Il serait grand temps que les députés de la majorité présidentielle se souviennent que leur programme électoral pour la santé annonçait comme premier objectif de « conduire la révolution de la prévention » et précisait : « demain, nous investirons davantage pour prévenir plutôt que guérir ». Les intentions du gouvernement correspondent rigoureusement à une politique inverse à ces promesses électorales. À la disparition de l’outil de prévention que représente le CHSCT, s’ajoute l’annonce récente du renoncement à une véritable politique de prévention pour 4 facteurs de pénibilité (manutention de charges, postures, vibrations, risques chimiques).
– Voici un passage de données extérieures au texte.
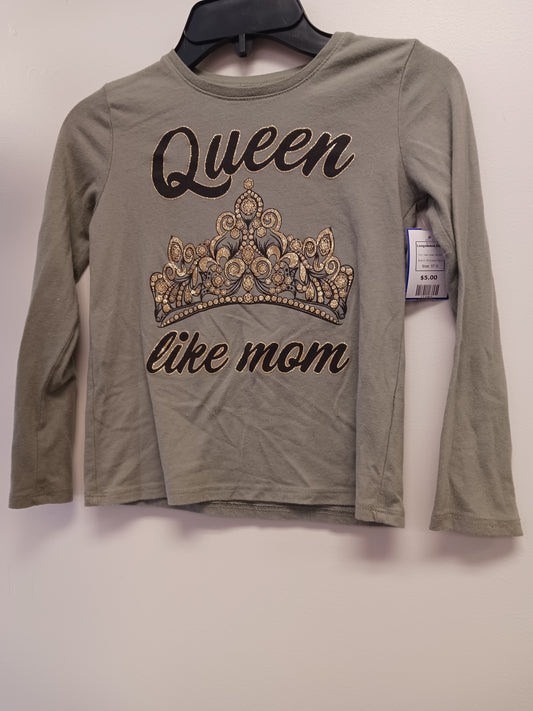 Green Queen Like Mom Childrens Place Longsleeve Shirt, 5T G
Là encore, les travailleurs du BTP sont massivement concernés.

 

 

Le pouvoir en place compte faire passer en force, et dans la précipitation, sa réforme rétrograde du Code du travail. On le comprend : il a tout intérêt à contourner le débat démocratique, via les ordonnances, car son projet sonne le glas de l’image pseudo-moderniste et du mythe « ni droite ni gauche » sur lesquels il a fondé son élection. Non seulement sa réforme des IRP n’a rien de gauche, mais elle relève d’une vision sociale des plus rétrogrades, une vision dans laquelle les salariés du BTP ne comptent pas… et sont « des gens qui ne sont rien ». Après la décision de paupériser le peuple, faisant suite à la crise des « subprimes », cette orientation poursuit à « caster » la « France d’en bas » comme quantité négligeable, corvéable et pouvant être sacrifiée sur l’autel du bien commun, voir de l’emploi…

 

 

Le Président Macron sous-estime visiblement la capacité de riposte des salariés. La journée d’action et de grève du 12 septembre sera une formidable occasion de lui faire comprendre que le débat relatif au projet de fusion des IRP ne restera pas cantonné à un cercle restreint d’experts ou de juristes. Les salariés sont attachés à leur représentants dont ils observent régulièrement l’action sur le terrain : interventions lors des plans de licenciement, assistance aux salariés menacés de sanctions, lutte contre les discriminations, mise en évidence des situations de harcèlement, enquêtes après accidents du travail, recommandations pour réduire les risques psychosociaux, etc. N’oublions pas par ailleurs que le nombre de représentants du personnel – par définition directement touchés par la réforme – avoisine 800 000 titulaires, ce qui représente une énorme caisse de résonnance pour mobiliser contre le projet !

 

 

 

[1] Les IRP comprennent les délégués du personnel (instaurés en 1936), le comité d’entreprise (1945) et le Comité d’hygiène de sécurité et des conditions de travail (CHSCT / loi Auroux de 1982).

[2] La direction de Telma (PME de 250 personnes, leader mondial du freinage sans friction) a notamment déclaré : « Nous perdrions la dynamique que nous avons réussi à créer avec les réunions mensuelles du CE et les réunions trimestrielles du CHSCT. Pendant ces réunions, nous parlons beaucoup du travail avec les opérateurs, car nous sommes dans un univers industriel où la sécurité est très importante ».